Please vote for the environment in the #Colorado primary election #ActOnClimate

Left: Fossil fuel emissions 1850 to 2010 and since 2000. Right: Amount of fossil fuel emissions to keep warming under 2 C, vs. potential emissions from proven reserves. Fossil fuel companies know that they cannot compete with renewable energy v. cost. The competitive cost advantage will be advanced if the fossil fuel companies are compelled to pay a cost for their pollution.

From The Fort Collins Coloradoan (Nick Coltrain):

Democrats

Cary Kennedy: Will “guarantee” all Colorado homes and businesses can choose 100 percent renewable energy and double the state renewable energy standard, which currently requires cooperative utilities to generate 20 percent of their electricity from renewables.

Jared Polis: Pledges to protect public lands from “Donald Trump and polluters.” Will create path to 100 percent renewable energy as way to protect the environment and create “good-paying green jobs that can’t be outsourced.” Says 100 percent renewable energy is achievable “by 2040 or sooner” (Colorado Independent).

Donna Lynne: Advocates for a “‘no slogans’ balanced approach to energy production” that includes local control on where and how energy production happens, property rights, and people who work in extraction industries. Says “health and safety of all Coloradans is our top priority when we are dealing with energy and the environment.”

Mike Johnston: Launched his campaign with the 100 percent renewable energy by 2040 pledge. Wants to increase setbacks for oil and gas wells, cap orphan wells and “avoid drilling in ecologically sensitive areas.”

Republicans

Walker Stapleton: Calls for a “stable business environment to ensure a low-cost energy supply that will attract and retain businesses in Colorado.” Says he won’t pursue “agenda-driven, burdensome, job-killing regulations.” Wants better state-federal communication on how federal lands are managed. Says he is running because he fears a Democratic governor would “end the energy industry” in Colorado (Colorado Independent).

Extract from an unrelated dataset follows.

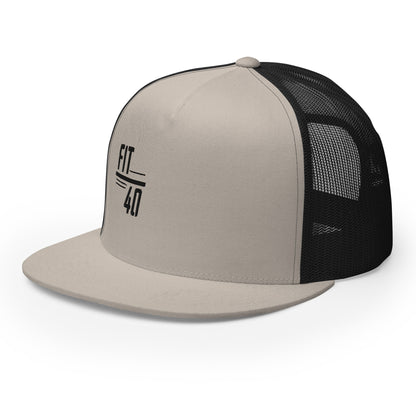 Fit Over 40 Trucker Hat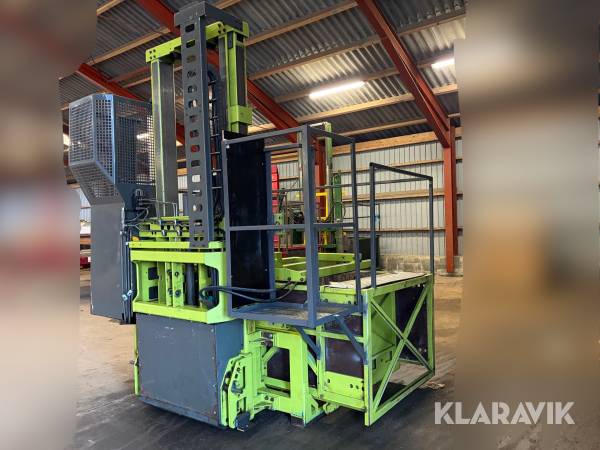 Palleteringsmaskine Tree Tech til juletræer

Greg Lopez: Argues that the state coal industry “has been unfairly treated by bureaucrats” from out of state and reminds people that coal-fired plants are likely what’s charging their electric cars. Does not think 100 percent renewable energy is feasibly by 2040 and says diversification “remains the most prudent approach” to energy. (Colorado Independent)

Doug Robinson: Says the oil and gas industry “plays a vital role” in the state and can balance environmental protections “by supporting common sense regulations.” Supports all-of-the-above energy strategy and says “it is not the role of government to pick winners and losers,” in reference to a push for 100 percent renewable energy by 2040 (Colorado Independent).

Victor Mitchell: Says climate change “is likely real” and that the federal government should launch “moonshot” initiatives to reduce greenhouse gas emissions. Says government also should not choose “winners and losers,” either with subsidies or “excessive” taxes and regulations. Notes fossil fuels are currently most reliable and least expensive energy, but it could be different tomorrow. Calls preserving the environment, air quality and water supply “paramount to our future and quality of life.”